WORK INSTRUCTION:
For this exercise, copy exactly every line from the one holding "Custom PET Turnover" through the end of the data, both included. Omit pictures.
═════ RECORDS SHOWN
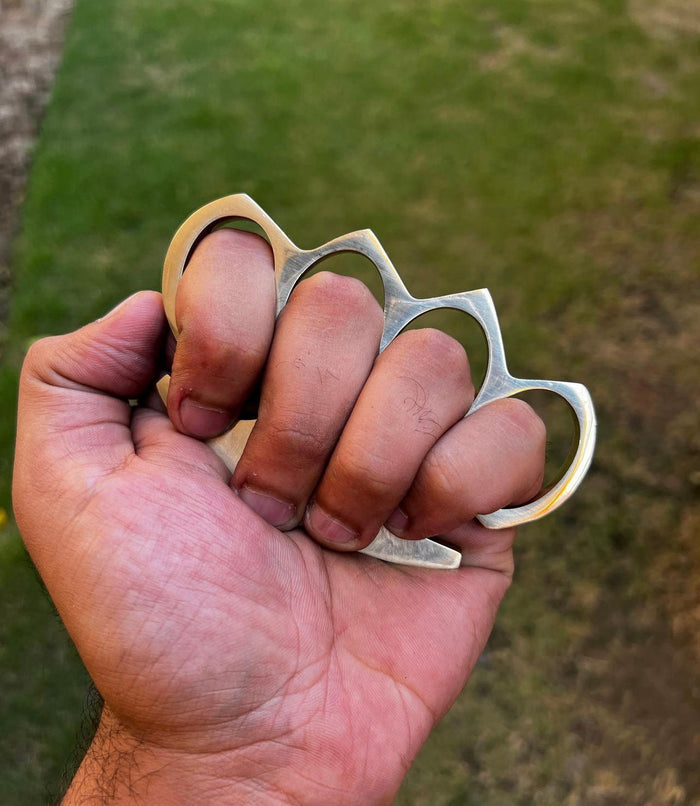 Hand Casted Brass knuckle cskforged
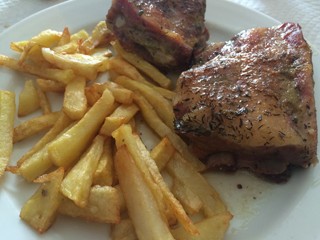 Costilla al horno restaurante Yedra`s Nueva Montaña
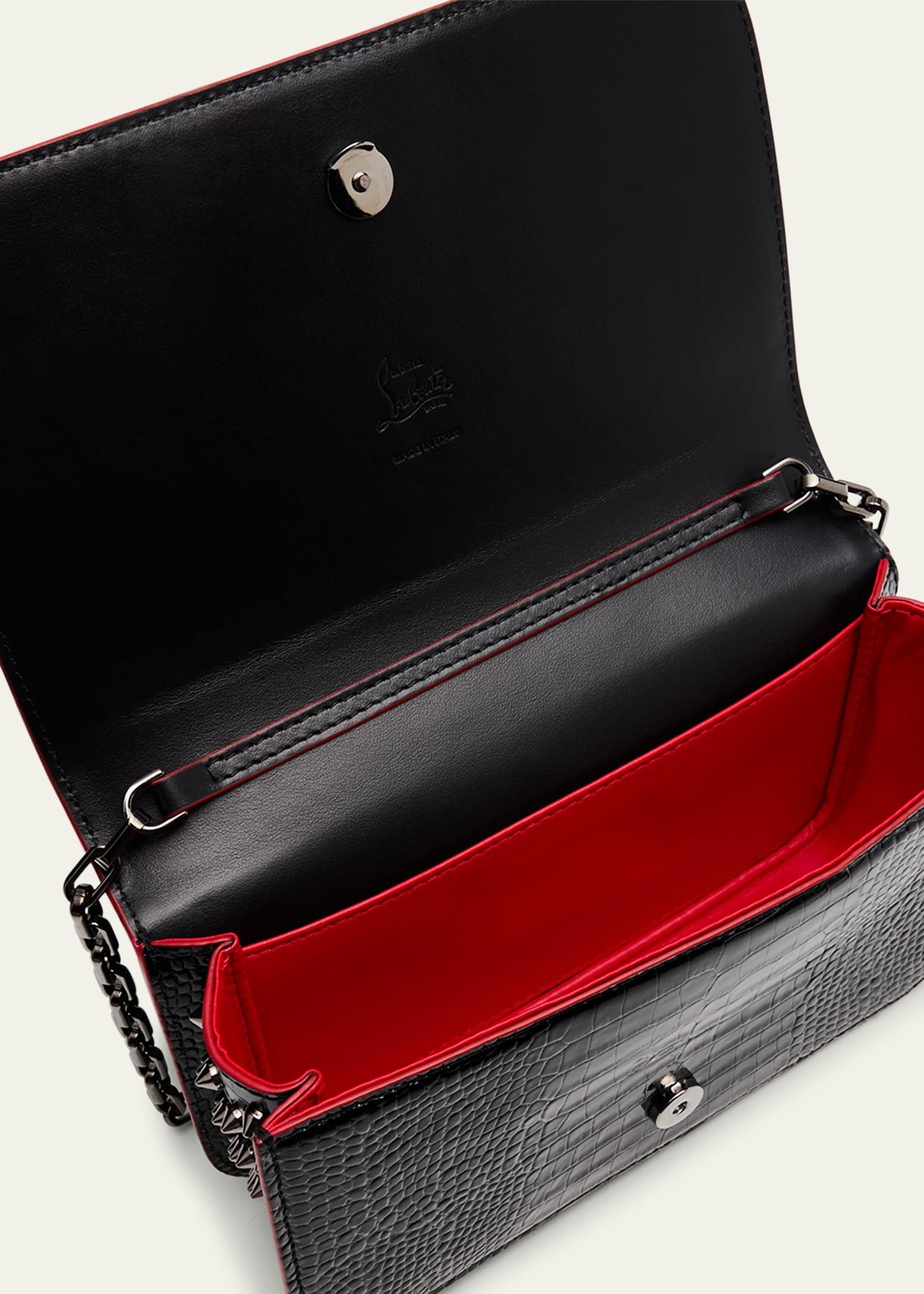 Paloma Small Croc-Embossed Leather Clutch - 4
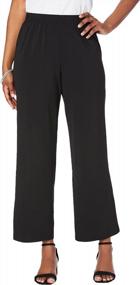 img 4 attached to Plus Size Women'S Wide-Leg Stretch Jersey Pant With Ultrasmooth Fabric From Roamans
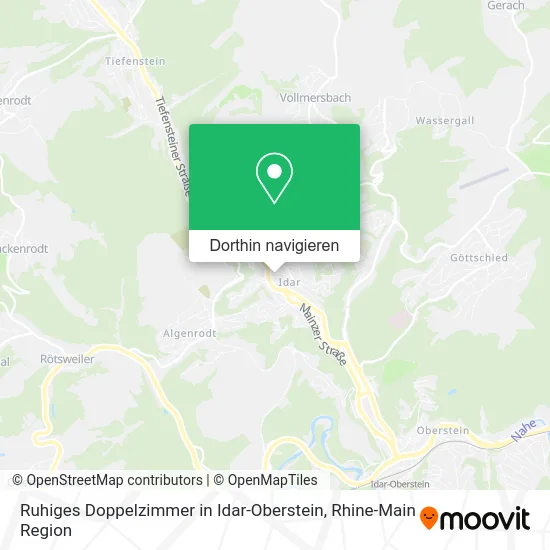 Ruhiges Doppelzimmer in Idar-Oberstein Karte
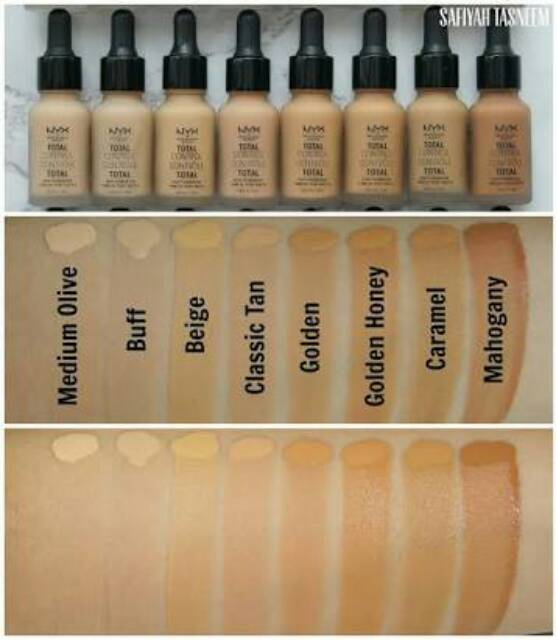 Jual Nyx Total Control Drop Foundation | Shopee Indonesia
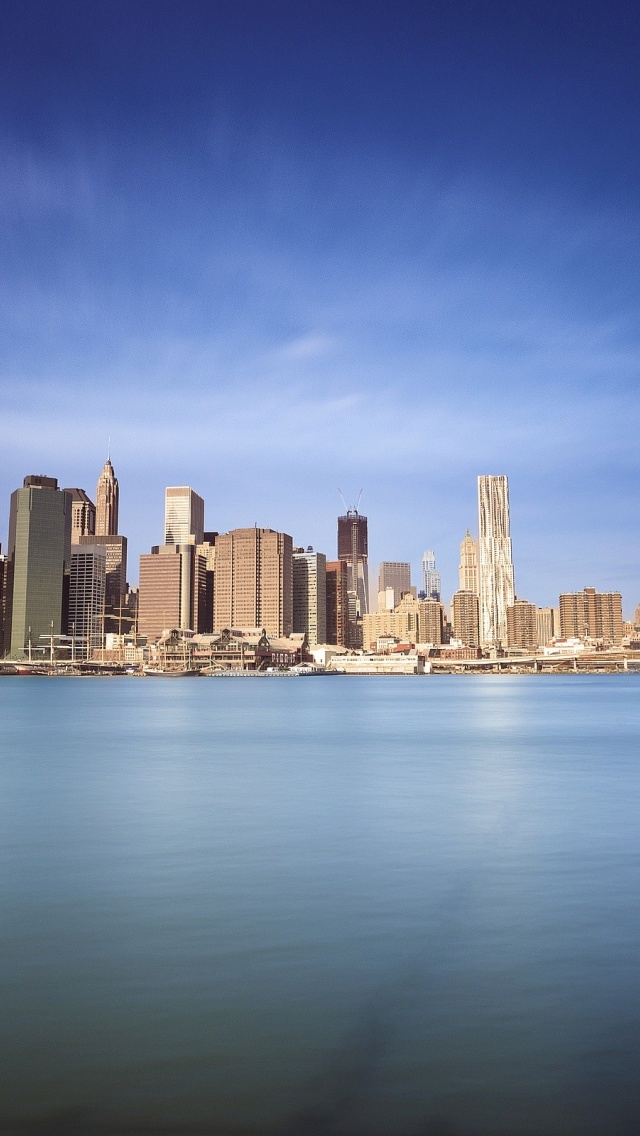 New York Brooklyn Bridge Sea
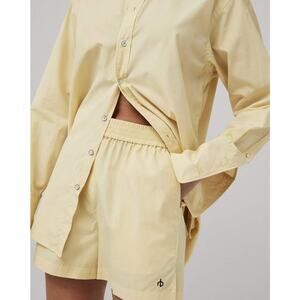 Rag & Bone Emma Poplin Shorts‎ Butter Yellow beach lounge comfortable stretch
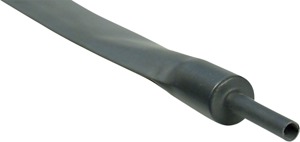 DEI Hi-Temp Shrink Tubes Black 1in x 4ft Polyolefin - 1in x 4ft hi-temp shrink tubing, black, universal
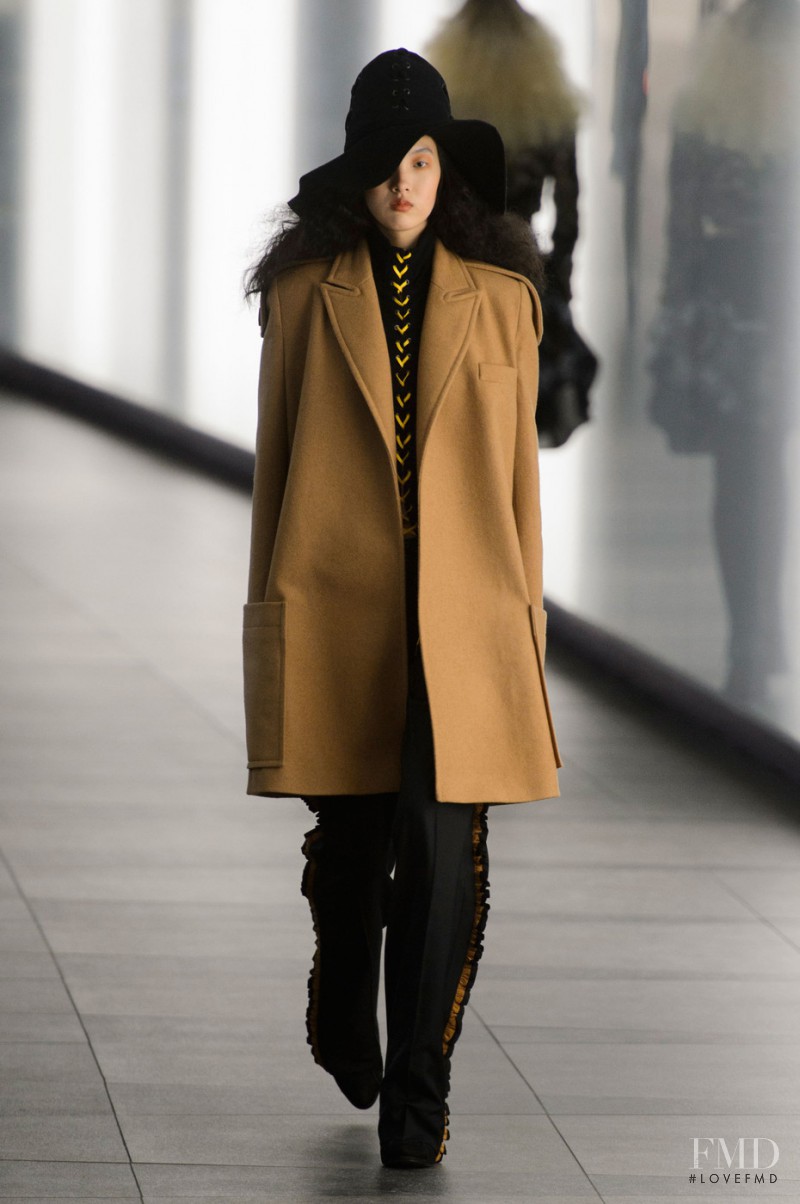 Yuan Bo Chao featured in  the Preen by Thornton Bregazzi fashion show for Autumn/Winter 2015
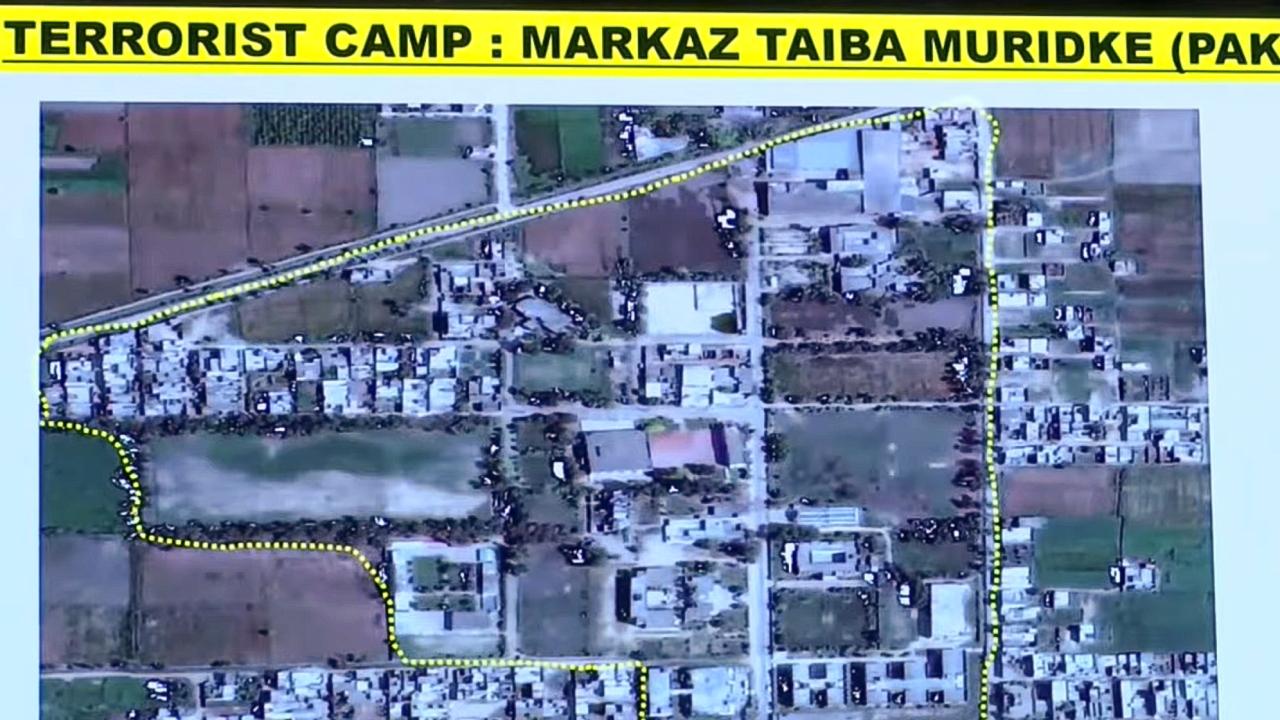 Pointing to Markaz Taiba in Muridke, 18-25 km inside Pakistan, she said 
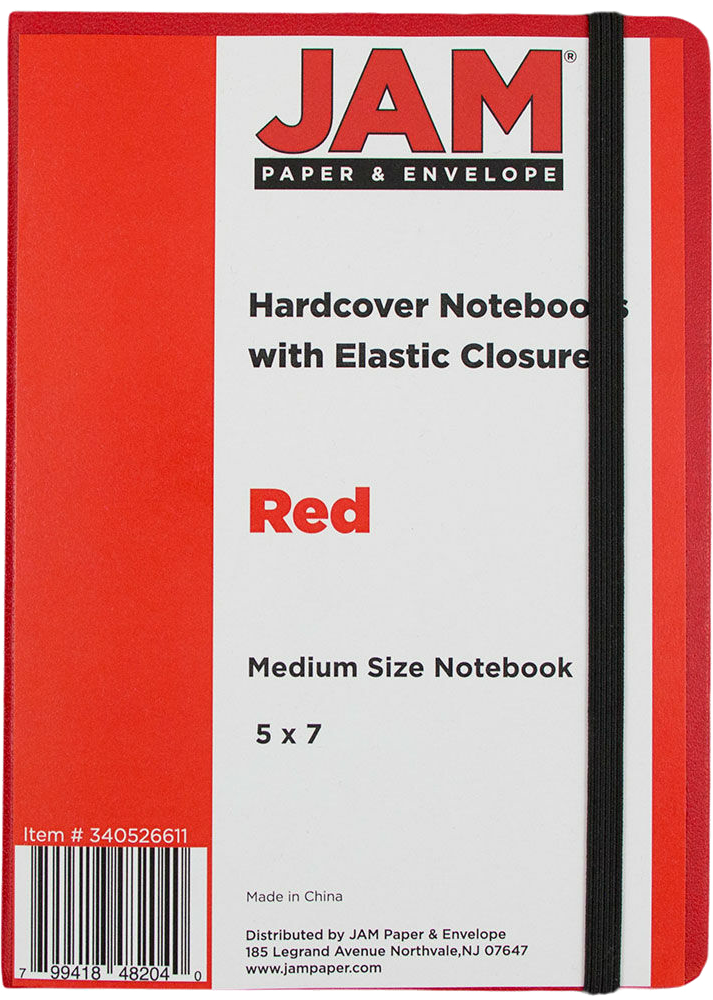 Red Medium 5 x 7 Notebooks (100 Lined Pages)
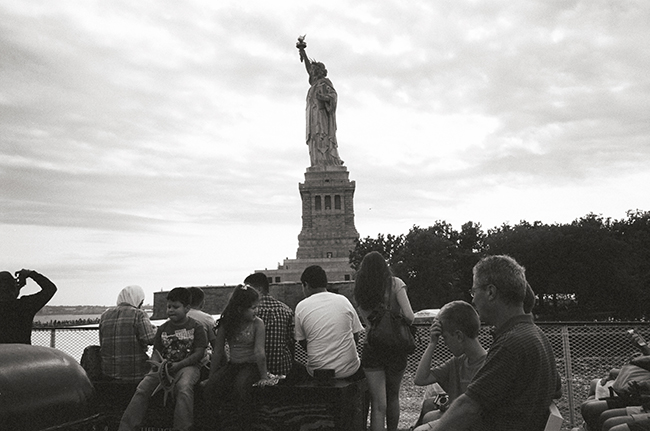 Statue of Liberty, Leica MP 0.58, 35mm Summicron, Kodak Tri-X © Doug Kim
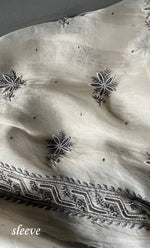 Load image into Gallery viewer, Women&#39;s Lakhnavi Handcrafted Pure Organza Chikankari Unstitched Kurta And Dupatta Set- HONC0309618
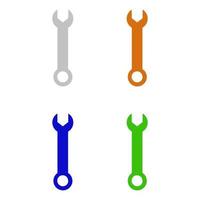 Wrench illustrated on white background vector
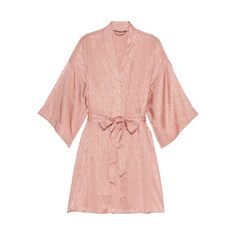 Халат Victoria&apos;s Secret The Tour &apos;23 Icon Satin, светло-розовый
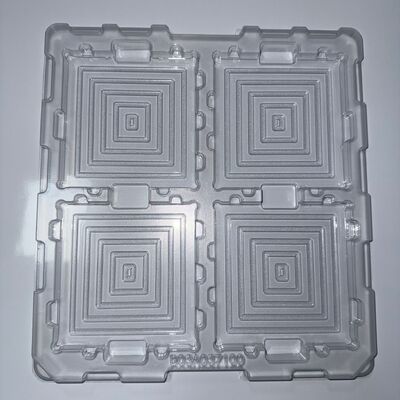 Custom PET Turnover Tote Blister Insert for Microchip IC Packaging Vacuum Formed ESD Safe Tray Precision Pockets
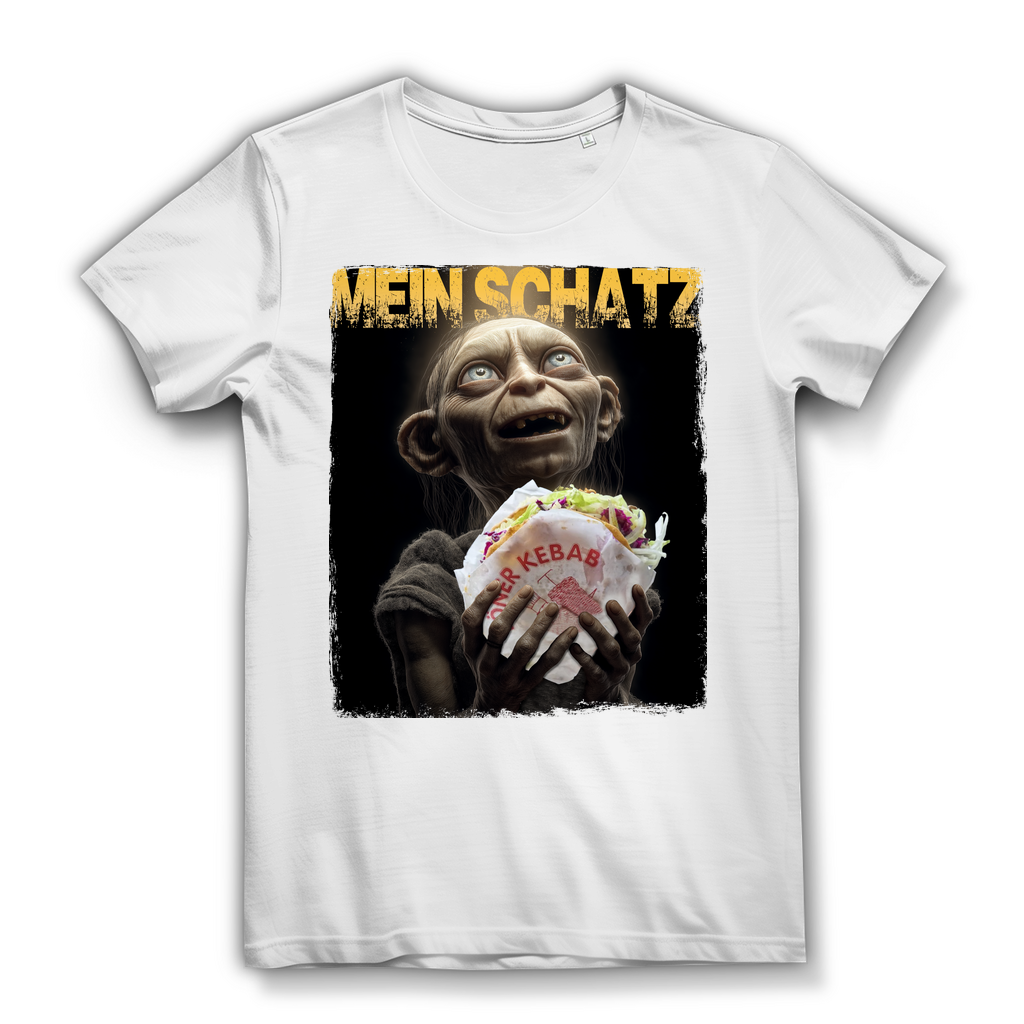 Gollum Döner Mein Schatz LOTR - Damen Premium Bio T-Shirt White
══════════
PROBLEM SOLUTION:
 Custom PET Turnover Tote Blister Insert for Microchip IC Packaging Vacuum Formed ESD Safe Tray Precision Pockets
 Gollum Döner Mein Schatz LOTR - Damen Premium Bio T-Shirt White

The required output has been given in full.